$\newcommand{\ones}{\mathbf 1}$ Back to HP More quizzes: Hadoop Graph Pig Streaming

All errors are my own! Though if you find any, an email would be appreciated ....
Be aware that some of these questions may not make a lot of sense outside of the taught course.
-Caudia Hauff

Big data, streams and samples

Big data in general

What are two differences between large-scale computing and big data processing?

hardware ✓ ✗

This option is correct.

Data is more suitable for finding new patterns in data than Large Scale Computing ✓ ✗

This option is correct.

amount of processing time available ✓ ✗

This option is incorrect.

number of passes made over the data ✓ ✗

This option is incorrect.

type of algorithms that can be employed ✓ ✗

This option is incorrect.

amount of data processed ✓ ✗

This option is incorrect.

What is an often occurring phenomenon when comparing simple/complex algorithms on small/big data?

On small data simple algorithms work very well.

Incorrect.
On large data simple algorithms work very well.

Correct!
On small data complex algorithms fail.

Incorrect.
On large data complex algorithms perform much better than simple algorithms.

Incorrect.

What does it mean when an algorithm is said to 'scale well'?

The running time does not increase exponentially when data becomes longer. ✓ ✗

This option is correct.

The result quality goes up when the data becomes larger. ✓ ✗

This option is correct.

The memory usage does not increase expoentially when data becomes larger. ✓ ✗

This option is correct.

The result quality remains the same when the data becomes larger. ✓ ✗

This option is incorrect.

Which of the following scenarios is a scenario where real-time processing is required?

A bank wants to aggregate the savings of all its customers across individual bank accounts to provide this information to the tax authorities. ✓ ✗

This option is incorrect.

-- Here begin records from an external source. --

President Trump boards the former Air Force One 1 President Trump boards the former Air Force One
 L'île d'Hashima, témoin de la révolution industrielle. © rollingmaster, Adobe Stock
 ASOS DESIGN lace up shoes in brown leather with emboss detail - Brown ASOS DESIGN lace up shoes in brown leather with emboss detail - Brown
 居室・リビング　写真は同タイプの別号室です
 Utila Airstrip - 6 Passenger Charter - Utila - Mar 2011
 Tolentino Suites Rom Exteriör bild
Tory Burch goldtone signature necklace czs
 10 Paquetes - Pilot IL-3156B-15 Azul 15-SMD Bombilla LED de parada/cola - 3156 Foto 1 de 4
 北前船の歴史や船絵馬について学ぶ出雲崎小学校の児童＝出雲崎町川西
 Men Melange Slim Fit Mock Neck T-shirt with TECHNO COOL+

Tax authorities are not known for their real-time processing speed.

Every second a flood monitoring centre receives information from thousands of sensors embedded in dikes. Unusual readings are relayed to the authorities. ✓ ✗

This option is correct.

Twitter receives thousands of messages every second. Twitter wants to compute how many messages were posted last year by all users in the US. ✓ ✗

This option is incorrect.

Philae, a ESA robot probe, has just landed on the comet 67P. It sends massive amounts of data back to earth which are used to steer the robot. ✓ ✗

This option is incorrect. The communication lag between earth and Philae is several minutes.

A cloud administrator at Netflix has to be notified when a more than 1% of their servers log an abnormal amount of errors, to prevent an outage (and thus a huge loss of money). ✓ ✗

This option is correct. Every second of delay costs money.

Each Android device periodically sends usage information to Google in order to determine device OS fragmentation (i.e.: what % of devices are still running Android x.x?) ✓ ✗

This option is incorrect.

Streams and samples

Which attribute is _not_ indicative for data streaming?

Limited amount of memory

Incorrect.
Limited amount of processing time

Incorrect.
Limited amount of input data

Correct!
Limited amount of processing power

Incorrect.

Which of the following statements about data streaming is true?

Stream data is always unstructured data.

Incorrect.
Stream data often has a high velocity.

Correct!
Stream elements cannot be stored on disk.

Incorrect.
Stream data is always structured data.

Incorrect.

Which of the following statements about sampling are correct?

Sampling reduces the amount of data fed to a subsequent data mining algorithm. ✓ ✗

This option is correct.

Sampling reduces the diversity of the data stream. ✓ ✗

This option is incorrect.

Sampling increases the amount of elements in a data stream. ✓ ✗

This option is incorrect. Noooooo.

Sampling increases the amount of data fed to a data mining algorithm. ✓ ✗

This option is incorrect. Nooooo.

Sampling aims to keep statistical properties of the data intact. ✓ ✗

This option is correct.

Sampling algorithms often need multiple passes over the data. ✓ ✗

This option is incorrect.

What is the main difference between standard reservoir sampling and min-wise sampling?

Reservoir sampling makes use of randomly generated numbers whereas min-wise sampling does not.

Incorrect.
Min-wise sampling makes use of randomly generated numbers whereas reservoir sampling does not.

Incorrect.
Reservoir sampling requires a stream to be processed sequentially, whereas min-wise does not.

Correct!
For larger streams, reservoir sampling creates more accurate samples than min-wise sampling.

Incorrect.

Which of the following statements about the Misra-Gries algorithm is correct?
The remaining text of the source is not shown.